Key Implementation Considerations
Time Alignment Is Critical for AEC
One of the most important lessons learned was that AEC depends on precise alignment between microphone and loopback audio. Even small timing drift reduces cancellation effectiveness.
To address this, we implemented a Metronome-based pairing mechanism in the Python client. Rather than streaming audio directly from device callbacks, both streams are buffered and released at fixed intervals, ensuring each AEC frame contains synchronized near-end and far-end audio.
This design significantly improved echo cancellation quality across different devices and operating systems.
Metronome-Based Audio Pairing (Python Client)
To ensure NVIDIA Maxine AEC receives precisely aligned near-end (microphone) and far-end (loopback) audio frames, AMAX engineers implemented a Metronome-based pairing mechanism in the Python client.
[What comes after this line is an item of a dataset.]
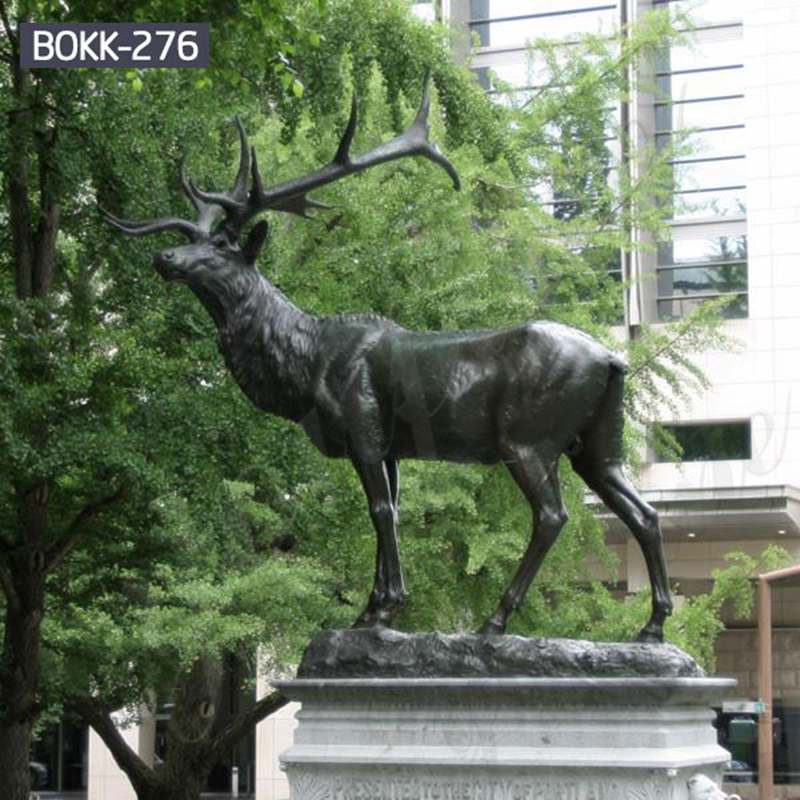 Outdoor Casting Life Size Bronze Elk Statue for Sale BOKK-276 - Bronze Animal Sculpture - 1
Instead of streaming audio directly from device callbacks—which may fire at different times—the client buffers both streams and releases paired frames on a fixed clock. This guarantees that each AEC frame contains synchronized audio with a consistent time base.
Key idea
- Audio callbacks → ring buffers
- Metronome thread → fixed cadence (e.g., 10–20 ms)
- Each tick → exactly one paired frame
- Missing samples → padded with silence
Simplified implementation
RATE = 16000 # Riva/AEC expects 16 kHz
FRAME = 160 # 10 ms @ 16 kHz
BYTES = FRAME * 2 # PCM16 mono bytes per frame
class SyncedAudioBuffer:
"""Thread-safe dual buffer for mic + loopback audio."""
def __init__(self, rate=RATE):
self.rate = rate
self.mic = bytearray()
self.loop = bytearray()
self.mic_lock = threading.Lock()
self.loop_lock = threading.Lock()
def add_mic(self, data: bytes):
with self.mic_lock:
self.mic.extend(data)
def add_loop(self, data: bytes):
with self.loop_lock:
self.loop.extend(data)
def take_pair(self, n_bytes: int):
"""Only succeed when BOTH buffers have at least n_bytes."""
with self.mic_lock:
if len(self.mic) < n_bytes:
return None, None, False
with self.loop_lock:
if len(self.loop) < n_bytes:
return None, None, False
with self.mic_lock:
mic_chunk = bytes(self.mic[:n_bytes])
del self.mic[:n_bytes]
with self.loop_lock:
loop_chunk = bytes(self.loop[:n_bytes])
del self.loop[:n_bytes]
return mic_chunk, loop_chunk, True
def resync_if_needed(self, max_diff_ms: float = 100.0):
"""Trim the longer buffer to match the shorter one (avoid drift buildup)."""
with self.mic_lock:
mic_ms = (len(self.mic) / (self.rate * 2)) * 1000
with self.loop_lock:
loop_ms = (len(self.loop) / (self.rate * 2)) * 1000
if abs(mic_ms - loop_ms) <= max_diff_ms:
return False
target = None
with self.mic_lock, self.loop_lock:
target = min(len(self.mic), len(self.loop))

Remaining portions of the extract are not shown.